Der Kurs ist kostenlos - sechs Module, Übernachtung und Verpflegung inklusive, 15 Personen können jeweils teilnehmen. Die Nachfrage sei „riesig“, sagt KEB-Geschäftsführer Ludger Nagel, das Angebot bundesweit seines Wissens einmalig. „Der Kurs läuft bereits im zweiten Durchgang und war beide Male sofort ausgebucht.“ Es gab an die 100 Bewerbungen. Interessiert sind ehren- sowie hauptamtliche Flüchtlingshelfer, Männer und Frauen zwischen Anfang 20 und Mitte 70, Christen, Konfessionslose, Juden und Muslime. Geplant ist, das Angebot aufgrund der hohen Nachfrage im Herbst fortzuführen.

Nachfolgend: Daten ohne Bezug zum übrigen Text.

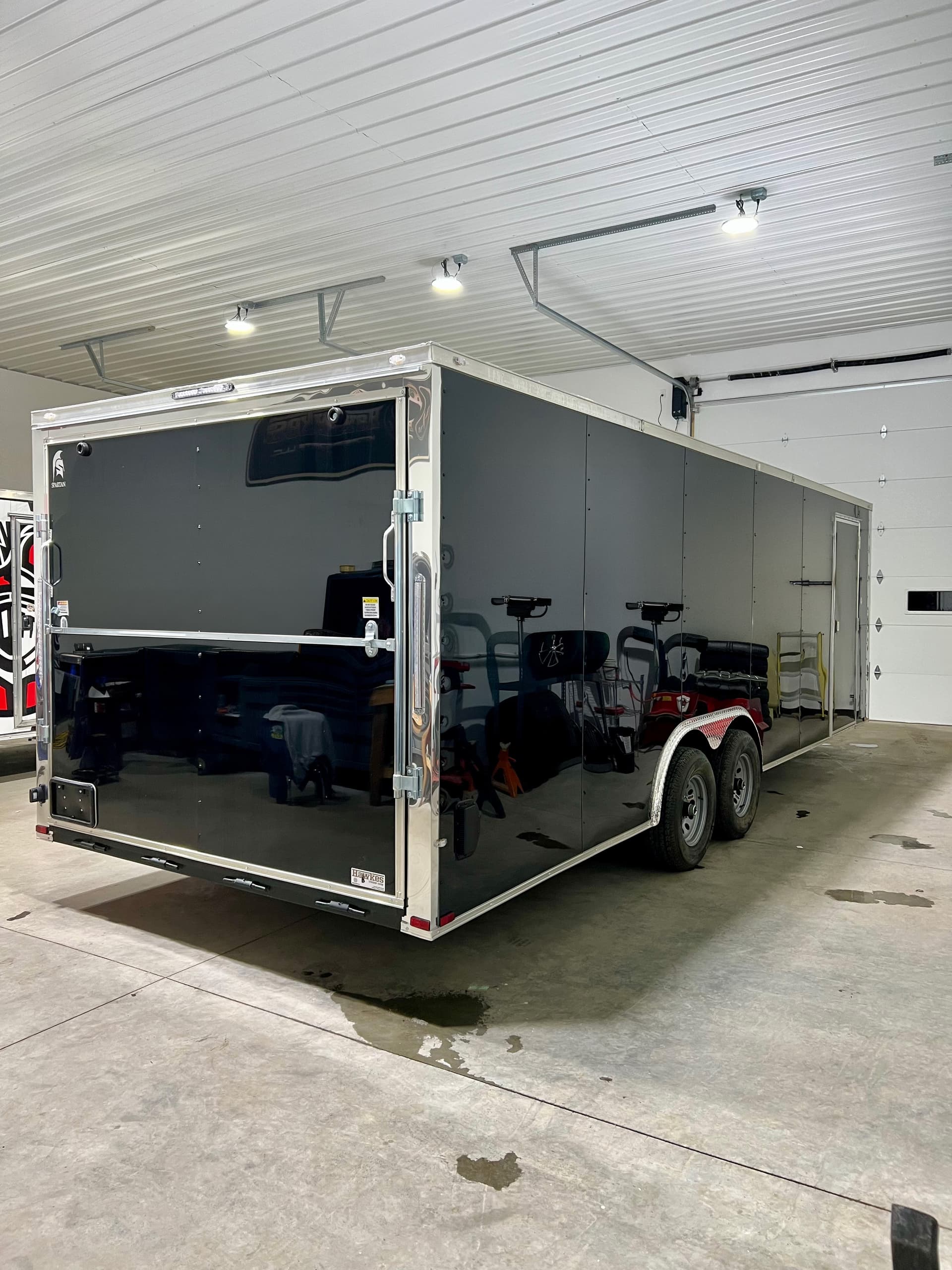 24ft Enclosed Car HaulerTrailer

„Es gibt eine starke Hilfsbereitschaft in allen Teilen der Bevölkerung, aber auch Ressentiments und diffuse Ängste“, beschreibt Nagel die Stimmung in der ostdeutschen Region. Mittlerweile „merkt man auch am Straßenbild, dass jetzt andere Nationen hier leben. Unser Kurs soll deshalb die stärken, die bereit sind, Flüchtlinge zu unterstützen.“
Bei der Weiterbildung geht es um psychosoziale Beratung, um rechtliche Fragen sowie interkulturelles Kompetenztraining. Aber auch um Krisenmanagement - wie etwa den Umgang mit Aggressionen oder Ankündigung eines Suizids - und um „Aufmerksamkeit für das Religiöse“. Dies sollen ein katholischer Pater und Vertreter jüdischen und muslimischen Glaubens vermitteln.

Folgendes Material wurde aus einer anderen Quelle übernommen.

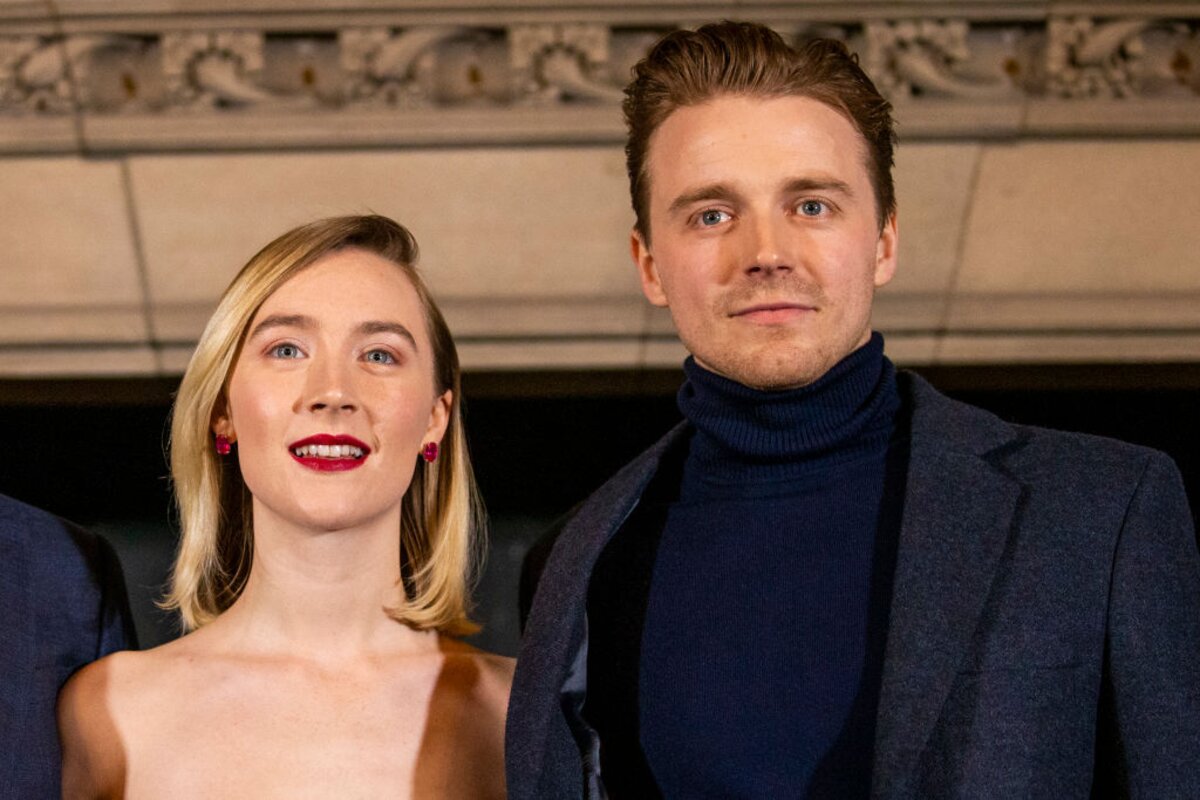 Saoirse Ronan és Jack Lowden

Hanani kennt sich mit verschiedenen Religionen aus eigener Erfahrung aus. Die junge Frau war Christin, konvertierte aber zum Islam, als sie heiratete. „Aber irgendwie bin ich immer noch beides“, sagt die junge Mutter, die ehrenamtlich mit Flüchtlingen in Halberstadt arbeitet. Sie hat in Palästina studiert und spricht deshalb Arabisch - in der Flüchtlingsarbeit eine wichtige Fähigkeit.
Trotzdem hat sie den Eindruck, dass Sprachkenntnisse allein nicht genügen, um zu helfen. „Die Männer nicken immer, so, als hätten sie alles verstanden, was ich erkläre“, sagt Hanani. „Bis die Frauen dazwischen fahren und zugeben, dass noch gar nichts klar ist.“ Die Unsicherheit bei den Teilnehmern des Kurses ist groß; sie wollen einfach alles richtig machen. „Ich kann doch nicht einfach über Banalitäten sprechen, wenn diese Menschen so Furchtbares erlebt haben“, sagt etwa eine junge Frau aus Magdeburg.
Tobias Drehsen vom psychosozialen Zentrum der Landeshauptstadt weiß um die typischen Probleme der Helfer. Er macht den Kursteilnehmern klar, dass sie den traumatisierten Menschen helfen können - auch wenn sie keine Psychotherapeuten sind und die Sprache der Flüchtlinge nicht sprechen. Vertrauen könne man auch über eine beruhigende Stimme und freundliche Mimik vermitteln.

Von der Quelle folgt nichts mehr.